Summaries to analyze:
{% for summary in positive_examples %}
- {{ summary.summary }}
{% endfor %}
Contrast with these examples from other clusters:
{% for example in contrastive_examples[:5] %}
- {{ example.summary }}
{% endfor %}
"""
clusters = await generate_base_clusters_from_conversation_summaries(
summaries,
prompt=technical_prompt
)
3. Configure Performance and Visualization¶
Control concurrency, visualization, and checkpointing:
from rich.console import Console
from kura.checkpoint import CheckpointManager
console = Console()
checkpoint_mgr = CheckpointManager("./cluster_cache", enabled=True)

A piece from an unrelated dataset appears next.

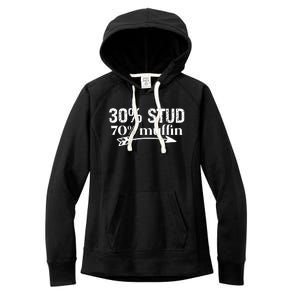 30% Stud 70% Muffin Women's Fleece Hoodie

cluster_model = ClusterModel(
max_concurrent_requests=50, # Higher concurrency for faster processing
console=console, # Enable rich visualization
)
clusters = await generate_base_clusters_from_conversation_summaries(
summaries,
clustering_model=cluster_model,
checkpoint_manager=checkpoint_mgr, # Cache results
max_contrastive_examples=20, # More examples for better distinction
)
The console visualization provides:
- Real-time progress bars during clustering
- Live preview of the latest 3 generated clusters
- Cluster names, descriptions, and conversation counts
Integration with Kura Pipeline¶
Clustering is the third major step in Kura's analysis pipeline:
- Loading: Conversations are loaded from various sources
- Summarization: Each conversation is summarized using the CLIO framework
- Clustering: Summaries are grouped into meaningful clusters (this step)
- Meta-Clustering: Clusters can be further grouped hierarchically (optional)
- Visualization: Results are explored through interactive interfaces
The procedural API design allows each step to be customized independently while maintaining compatibility with the overall pipeline.